Jen Walter, our guest blogger this week, lives in NYC with her hubby Willy and their three omnivorous kids in an apartment the size of a breadbox, in a neighborhood that holds the Eggroll and Eggcream Festival, in a city that boasts more than 4,000 restaurants. Still, they order take-out from the same five places.
The email read simply: “Goat? Sunday.”
Some friends you go out for drinks with. Some friends you meet for coffee. Other friends say, "Let's butcher a goat." And you say, "Of course." And in the future, I’ll know to ask, “Should I bring the hacksaw?”

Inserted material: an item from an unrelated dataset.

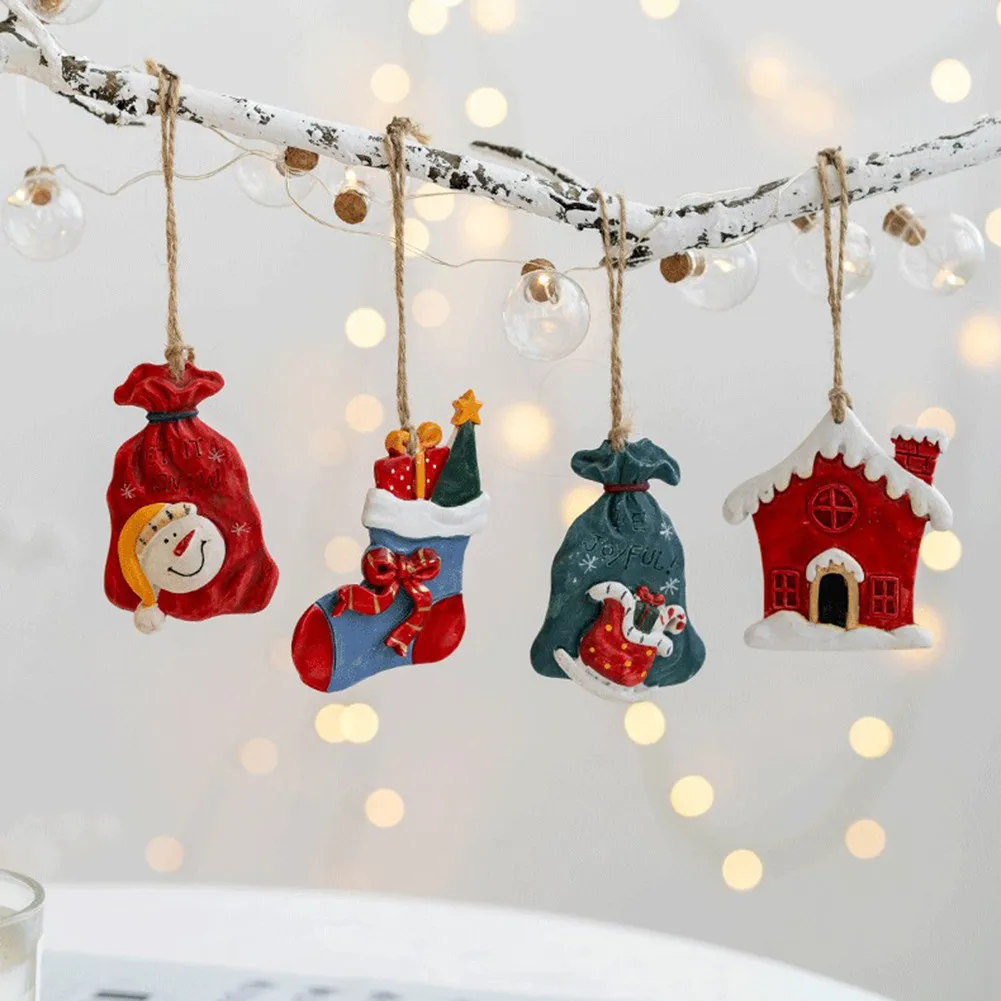 2pcs Christmas Resin Hanging Ornaments Xmas Tree Hanging Decor Mini Santa Pendants Home Living Room Tree Decoration 2022
2pcs Christmas Resin Hanging Ornaments Xmas Tree Hanging Decor Mini Santa Pendants Home Living Room Tree Decoration 2022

I’m a food lover but by no means a stunt eater.
My husband, Willy, is braver but has been brought down by many a global streetcart. My only line-item rejection is organ meat. I didn’t know I would need another line to reject tartar raw.
|Willy and Goat.|
Our goat—the night’s centerpiece, party favor, ice-breaker—was one of three slaughtered the week before by our hosts, Pete and Heather, and hung for a week in an undisclosed location nearby. While we hadn’t made the guest list for the slaughter, their colorful account—including the bolt gun, the variations on throat-slitting, the carcass inflation, and the hide-stripping—made us feel like we had. There is, apparently, more than one way to skin a goat.
|Adam and his tools.|
While Adam reduces Goat 1 from a Golden Retriever–sized, stiff-legged (and surprisingly dry) body to a couple of coolers of good cuts, a bowl of stock bones, and a scant amount of waste, Chef (and ice cream savant) Billy Barlow works in the kitchen behind him transforming Goats 2 and 3 into a series of delicious “goat-themed” appetizers and dinner courses—and even dessert, a culinary challenge of barnyard proportions.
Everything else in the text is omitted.